In N’ Out — This is obvious but bears mentioning for several reasons.

Fries, cooked to order: Utterly essential. Being able to ask for fries well-done eliminates any anxiety associated with fast food ordering. Well done fries are an essential component of Animal Style Fries. Covered with 2 slices of cheese, grilled onions, and special sauce, these are the Bounty of late night foodstuff, a quicker-picker-upper that absorbs excess alcohol and tacks on crucial hours of drinking to any bender. Well-done fries ensure fully melted cheese and prevent sogginess.

Cost: A full meal at In N’ Out will run you less than a value meal at most major national chains, and the quality is incomparable.
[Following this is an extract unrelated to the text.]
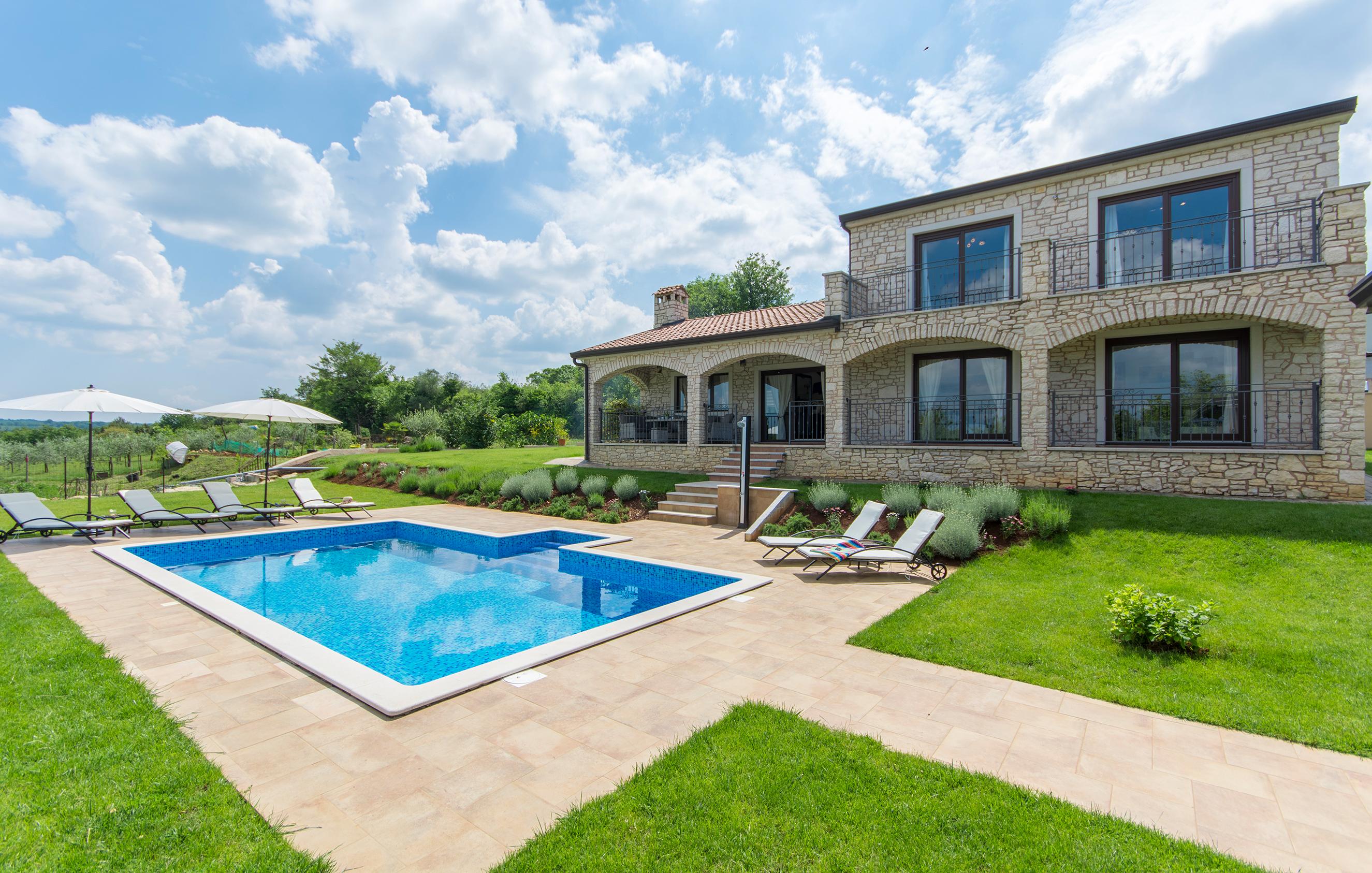 Villa mit Pool in landschaftlicher Umgebung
For the price, this is probably the best burger around.

Cult of Personality: Why extol the virtues of this burger when former Heisman winner Troy Smith can do it for me. “For the folks back in Ohio, they need to understand first and foremost, it is a fresh burger,” Smith said. “The lettuce and tomatoes are extremely fresh. And they toast the buns. That’s huge. That’s key. They use a special kind of sauce, too. The sandwich is incredible after a long night.”

The fact that these comments were made in the lead-up to the 2007 BCS Championship Game — in which his OSU team got crushed 41-14 by Florida — suggests Troy’s focus was misplaced. Still, priorities are priorities, and I bet a few Double-Doubles helped to ease the pain.
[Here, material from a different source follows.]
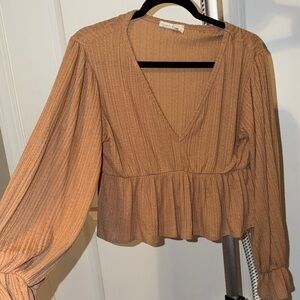 Peach Love California Tan V-Neck Blouse sz S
The only downside here is the wait. Any time, day or night, expect a line.

Pie N’ Burger — This Pasadena establishment feels like a relic from a bygone era. From the wood-paneled walls to the antique cash register to the surly, white-haired waitresses whose dispositions betray the discontent of serving burgers every day since junior year of high-school, everything about this place says “classic.” The service is so poor — and the prices so outrageous — that it’s almost a shame the burgers are so good.

But they are good … really fucking good. The griddle, which looks like it hasn’t been cleaned in at least a few decades, seasons the 1/4 lb. patties perfectly, and the just-charred exterior gives way to tender, luscious beef. The grilled buns are smeared with PN’B’s special recipe Thousand Island and topped with cheese, hand-leafed lettuce, and thick sliced dills. The whole sandwich is wrapped in paper and delivered to your table — 45 minutes after you ordered.

It’s the definition of simple elegance. The crisp lettuce and pickles add just the right crunch to the sandwich, and the flavors intermingle without threatening to overwhelm each other. The burger is almost delicious enough to make the wait seem worthwhile, at least until the check comes. A burger and fries, with a drink and a slice of any of the immaculate pies will set you back $20.